Ein digitaler Prozess ist noch kein besserer Prozess
Gedanken zur Digitalisierung von Prozessen
Ein Papierformular durch ein digitales Formular zu ersetzen, ist erst einmal genau das: einfach nur digital.
Ist der Prozess dadurch direkt besser geworden? Gute Frage.
Denken wir an Monteur:innen auf einer Baustelle. Früher wurden Angaben auf Papier notiert. Später wurden sie im Büro übertragen. Heute wird das alles mit einer App gemacht.
Fürs Büro ist das offensichtlich deutlich besser: die Daten liegen direkt digital vor, können verarbeitet, geprüft und weitergegeben werden.
Für Monteur:innen kann die gleiche Veränderung aber erst einmal schlechter sein.
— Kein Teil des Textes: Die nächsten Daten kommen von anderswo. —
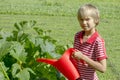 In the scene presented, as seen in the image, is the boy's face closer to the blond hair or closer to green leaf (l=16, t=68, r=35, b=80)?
the blond hair

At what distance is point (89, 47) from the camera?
3.22m

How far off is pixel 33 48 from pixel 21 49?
0.29m

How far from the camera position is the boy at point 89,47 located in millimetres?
3096

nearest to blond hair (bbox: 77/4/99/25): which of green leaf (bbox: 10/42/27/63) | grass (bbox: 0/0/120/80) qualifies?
green leaf (bbox: 10/42/27/63)

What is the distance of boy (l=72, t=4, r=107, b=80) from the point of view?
3096 mm

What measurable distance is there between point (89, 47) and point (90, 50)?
2 centimetres

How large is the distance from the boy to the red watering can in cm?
5

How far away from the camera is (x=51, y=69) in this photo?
11.0ft

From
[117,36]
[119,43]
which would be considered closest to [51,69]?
[119,43]

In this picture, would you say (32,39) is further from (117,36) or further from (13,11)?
(13,11)

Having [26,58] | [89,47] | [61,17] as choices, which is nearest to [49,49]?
[26,58]

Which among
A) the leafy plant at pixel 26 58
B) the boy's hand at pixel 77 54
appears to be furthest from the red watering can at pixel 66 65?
the leafy plant at pixel 26 58

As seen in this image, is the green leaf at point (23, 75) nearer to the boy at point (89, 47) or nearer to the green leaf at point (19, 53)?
the green leaf at point (19, 53)

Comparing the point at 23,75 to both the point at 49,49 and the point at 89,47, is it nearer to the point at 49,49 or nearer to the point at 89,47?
the point at 49,49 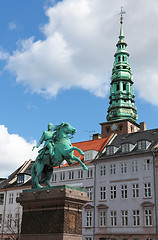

Smartphone auf der Baustelle herausholen, kleiner Bildschirm, Handschuhe an und aus, durch Eingabemasken klicken.
Wenn eine solche Anwendung deshalb ungern benutzt wird, haben wir zwar einen Teil des Prozesses optimiert. Womöglich leider auf Kosten eines anderen.
In der Digitalisierungs-Umfrage 2026 der IHK für München und Oberbayern nennen Unternehmen vor allem Komplexität (62 %), Zeit (61 %) und Kosten (37 %) als Herausforderungen bei der Digitalisierung. Akzeptanz ist ein Teil des Problems (48% bei großen Unternehmen und 32% bei kleineren).
In jedem Fall sollten wir genau drauf schauen, was wir eigentlich digitalisieren.
Deshalb würde ich vor der Frage
Wie digitalisieren wir diesen Prozess?
erst einmal einen Schritt zurückgehen:
Warum gibt es diesen Prozess überhaupt in dieser Form?
- Welche Informationen brauchen wir wirklich?
- Welche liegen bereits an anderer Stelle vor?
- Was lässt sich automatisch erfassen?
- Welche Schritte können entfallen?
- Was müssen Menschen aus regulatorischen oder fachlichen Gründen tatsächlich noch selbst erledigen?
- Und welches Ziel wollen überhaupt wir damit erreichen?
Dieser Schritt klingt banal, kann aber an mehreren Stellen gleichzeitig ansetzen.
Ein einfacherer Prozess ist für die Beteiligten leichter zu verstehen und zu benutzen. Weniger Schritte, Sonderfälle und Eingaben bedeuten aber auch weniger Anforderungen an die Software. Im besten Fall müssen Funktionen gar nicht erst entwickelt, Schnittstellen nicht gebaut und Sonderfälle nicht über Jahre gewartet werden.
Hier lohnt es sich, über die gesamte Prozess-Kette hinweg zu schauen, ob sogar Teil-Prozesse entfallen könnten. Das sorgt für weniger Komplexität & (Entwicklungs-)Kosten.
Das senkt nicht notwendigerweise jede technische Komplexität. Bestehende Systeme, Datenschutz, Regulierung und notwendige Integrationen verschwinden dadurch nicht.
Aber wir vermeiden zumindest, einen bereits komplizierten Prozess mit Software dauerhaft festzuschreiben.
Vielleicht sollte die erste Frage bei einem Digitalisierungs-Projekt deshalb nicht sein, welche Software wir brauchen.
Sondern welchen Prozess wir danach haben wollen, den alle Beteiligten mittragen.